東国原という人物の賞味期限

東国原宮崎県知事が入閣するかもしれないという記事が今朝の毎日新聞の一面に出ていた。この記事を読んでふと昔のテレビドラマを思い出した。原題は「トワイライト・ゾーン」、日本では確か「ミステリー・ゾーン」と言っていたと記憶している。SF仕立ての毎回完結式のドラマで、皮肉の効いたしゃれた筋を毎回楽しんだ。その中に、ある老夫婦が「何でも願いを叶えてやる」という魔法使いにきりきり舞いさせられる話があった。一度は大金を魔法で出してもらって喜んだのもつかの間、税務署に目をつけられてすっからかんになる。最後の願いに夫が「実在した帝国の皇帝になりたい」という。その結果は、第三帝国の皇帝=ヒトラーが連合軍に攻められて最期の時を迎える、そのヒトラーになってしまうという形で「かなえられる」。
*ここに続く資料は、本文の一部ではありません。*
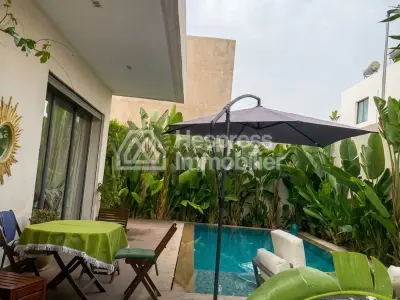 Detached villa for sale, 460 m² Dar Bouazza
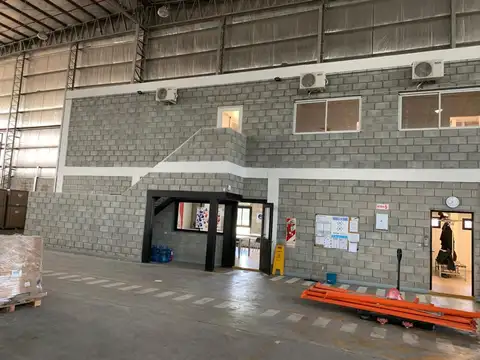 Galpon en Venta A Estrenar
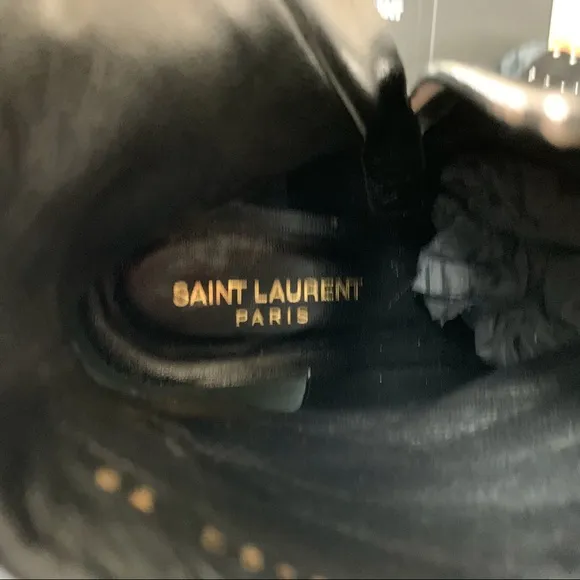Saint Laurent boots “ Scarpe Donna “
東国原氏の本音は大臣として国政に参与したいと言うことなのだろう。少なくとも彼はそう説明している。しかし彼を大臣として迎えようという麻生内閣は、ヒトラー最期の日ほど短くはないにせよ、どうがんばってもあと二月しか続かない。東国原人気にのっかって自民党が大勝でもしない限り、選挙が終われば総理大臣としての麻生太郎・麻生政権の任期は終わる。そもそもは選挙管理内閣だった麻生内閣が、大将が選挙をする勇気がなくてずるずると長引いただけの代物だ。また総選挙の後、果たして自民党政権が続くかどうかさえ怪しい。大臣=東国原氏はおそらく選挙に出れば当選はするだろう。その後に待っているのは単なる陣笠としての、何の権限もない東国原氏でしかない(「総裁候補」は選挙向けの空手形に終わるだろう)。宮崎の選挙区からではなく関東の比例区で出るらしい彼を宮崎県民はどう見るか。あの名台詞宮崎をどげんかせないけんがことさら白々しく感じられる。
私としても東国原氏の知事としての努力を完全に否定する気まではない。宮崎県の広告塔として驚異的なマスコミへの露出率で、特産品を売り込み観光客を引き込んだのは彼の業績だといえる。しかしそれもマスコミが、いわば「身内から出てきた県知事」として特別に注目し、動静を逐一伝え、テレビに芸能人だった時をしのぐほど出演させたからともいえる。特定のテレビ局が新聞社や一般企業と一緒になって「○○制作委員会」を作り、映画を売る手法によく似ていると私は思う。もうそのやり方も限界に近づいてきていると見える。
地元の人はどう考えているのかよく知らないが、あんなに毎週毎週テレビに出ていて県政をきちんとやれるとは思えないというのが率直な感想だ。

ここまで書いて突然閣僚の補充人事が発表された。結局彼の入閣はないことになった。はたしてあの記事は世紀の誤報だったのか、それとも麻生にそれだけの力がなかったのか、今となってはわからないが、どたばた劇を見せられていい加減うんざりだ。